By Ben Velderman
EAGnews.org
HARRISBURG, Pa. – A new school voucher plan being debated by lawmakers is the legislative equivalent of a Hail Mary pass in football:

It has little chance of succeeding, but it gives Pennsylvania’s most disadvantaged families a reason to hope.
State Rep. Jim Christiana, a Republican, has introduced a bill that would allow businesses to “contribute to a scholarship account and receive a 75 percent tax credit in return,” reports PAIndependent.com.
Christiana’s plan builds on an existing state program that already provides $75 million in scholarships to low-income children, so they can attend the private or nonpublic school of their choice. The current program, which began in 2001, has proven very popular with Pennsylvania families.
Christiana’s new proposal would expand the current program from $75 million to $200 million, with most of the new money going to students who are stuck in Pennsylvania’s lowest-performing school districts.

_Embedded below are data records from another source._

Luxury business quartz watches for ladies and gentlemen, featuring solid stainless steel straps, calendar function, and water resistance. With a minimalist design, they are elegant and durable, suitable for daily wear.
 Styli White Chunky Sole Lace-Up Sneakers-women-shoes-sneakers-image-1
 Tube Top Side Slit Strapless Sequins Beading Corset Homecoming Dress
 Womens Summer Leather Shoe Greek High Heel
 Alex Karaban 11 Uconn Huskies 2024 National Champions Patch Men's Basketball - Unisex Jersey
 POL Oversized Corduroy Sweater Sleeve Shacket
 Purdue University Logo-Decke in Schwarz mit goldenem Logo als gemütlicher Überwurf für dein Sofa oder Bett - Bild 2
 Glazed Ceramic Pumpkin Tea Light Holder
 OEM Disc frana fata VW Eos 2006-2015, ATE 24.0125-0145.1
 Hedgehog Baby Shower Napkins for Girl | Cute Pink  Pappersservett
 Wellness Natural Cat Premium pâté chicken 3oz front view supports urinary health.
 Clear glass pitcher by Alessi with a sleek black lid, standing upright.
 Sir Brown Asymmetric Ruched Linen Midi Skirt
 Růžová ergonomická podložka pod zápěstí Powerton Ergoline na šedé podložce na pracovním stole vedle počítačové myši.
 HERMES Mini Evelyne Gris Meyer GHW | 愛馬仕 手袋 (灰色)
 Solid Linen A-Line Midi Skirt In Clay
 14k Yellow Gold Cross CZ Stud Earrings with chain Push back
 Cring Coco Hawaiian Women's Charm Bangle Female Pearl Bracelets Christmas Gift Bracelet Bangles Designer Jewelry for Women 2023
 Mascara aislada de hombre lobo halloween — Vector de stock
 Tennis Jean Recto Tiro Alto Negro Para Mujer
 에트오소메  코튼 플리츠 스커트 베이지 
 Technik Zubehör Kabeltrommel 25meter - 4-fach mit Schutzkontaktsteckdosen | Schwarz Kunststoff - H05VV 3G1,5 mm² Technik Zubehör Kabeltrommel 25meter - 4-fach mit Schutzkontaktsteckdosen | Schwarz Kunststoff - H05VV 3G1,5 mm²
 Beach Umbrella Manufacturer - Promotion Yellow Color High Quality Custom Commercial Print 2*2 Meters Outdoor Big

“Advocates for the proposal (argue) it would not take a single dollar from the existing budgets of school districts, a major sticking point for a voucher proposal that passed the state Senate but never garnered enough votes in the state House last year,” PAIndependent.org reports.
Defenders of the status quo argue the plan “would prevent money from flowing into the state budget and would hurt funding for public education in the long run.”
Here’s an obvious question for voucher critics: What would be the long-term damage to the state budget if kids remain trapped in lousy schools and graduate entirely unprepared to succeed in life?
The answer is equally obvious: Businesses will be less likely to locate in Pennsylvania, leaving fewer people with jobs, less tax revenue coming into state coffers, and more tax revenue being spent on social welfare programs and prisons.
Killing a promising voucher program in order to protect Pennsylvania’s failing public school system is the epitome of being “pound wise and penny foolish.”
The critics’ flimsy financial argument is only meant to distract from the fact many Pennsylvania lawmakers are political surrogates for the teacher unions, and school choice is a direct threat to the unions’ control over public education.
Fewer children in union-controlled schools would lead to fewer dues dollars and less political clout for the Pennsylvania State Education Association and the American Federation of Teachers Pennsylvania. That’s the real reason Christiana’s voucher plan may never get off the ground.
But such an argument is purely academic, as lawmakers only have until June 30 to pass the bill out of committee and to include the voucher program in next year’s budget.
Christiana’s proposal may be a Hail Mary pass, but at least it gives Pennsylvania’s poorest, more desperate families a glimmer of hope for the future.